Exercise
Retype exactly the lines from the one holding "Apollo Brown &" through the final line of the data, both included.

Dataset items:
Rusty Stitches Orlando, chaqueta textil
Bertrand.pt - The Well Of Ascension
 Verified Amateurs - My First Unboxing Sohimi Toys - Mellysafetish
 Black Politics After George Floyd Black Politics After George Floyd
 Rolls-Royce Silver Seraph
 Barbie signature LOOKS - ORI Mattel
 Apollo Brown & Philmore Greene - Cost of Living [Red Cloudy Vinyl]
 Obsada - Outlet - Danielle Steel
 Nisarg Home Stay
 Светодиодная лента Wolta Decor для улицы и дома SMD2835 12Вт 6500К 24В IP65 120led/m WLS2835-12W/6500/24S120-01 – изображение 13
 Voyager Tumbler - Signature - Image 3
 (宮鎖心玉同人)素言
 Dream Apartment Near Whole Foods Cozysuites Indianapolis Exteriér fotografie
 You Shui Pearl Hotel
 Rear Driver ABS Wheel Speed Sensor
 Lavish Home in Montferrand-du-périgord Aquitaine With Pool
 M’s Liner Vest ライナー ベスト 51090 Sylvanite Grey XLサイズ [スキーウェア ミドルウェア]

Output of the task
 Apollo Brown & Philmore Greene - Cost of Living [Red Cloudy Vinyl]
 Obsada - Outlet - Danielle Steel
 Nisarg Home Stay
 Светодиодная лента Wolta Decor для улицы и дома SMD2835 12Вт 6500К 24В IP65 120led/m WLS2835-12W/6500/24S120-01 – изображение 13
 Voyager Tumbler - Signature - Image 3
 (宮鎖心玉同人)素言
 Dream Apartment Near Whole Foods Cozysuites Indianapolis Exteriér fotografie
 You Shui Pearl Hotel
 Rear Driver ABS Wheel Speed Sensor
 Lavish Home in Montferrand-du-périgord Aquitaine With Pool
 M’s Liner Vest ライナー ベスト 51090 Sylvanite Grey XLサイズ [スキーウェア ミドルウェア]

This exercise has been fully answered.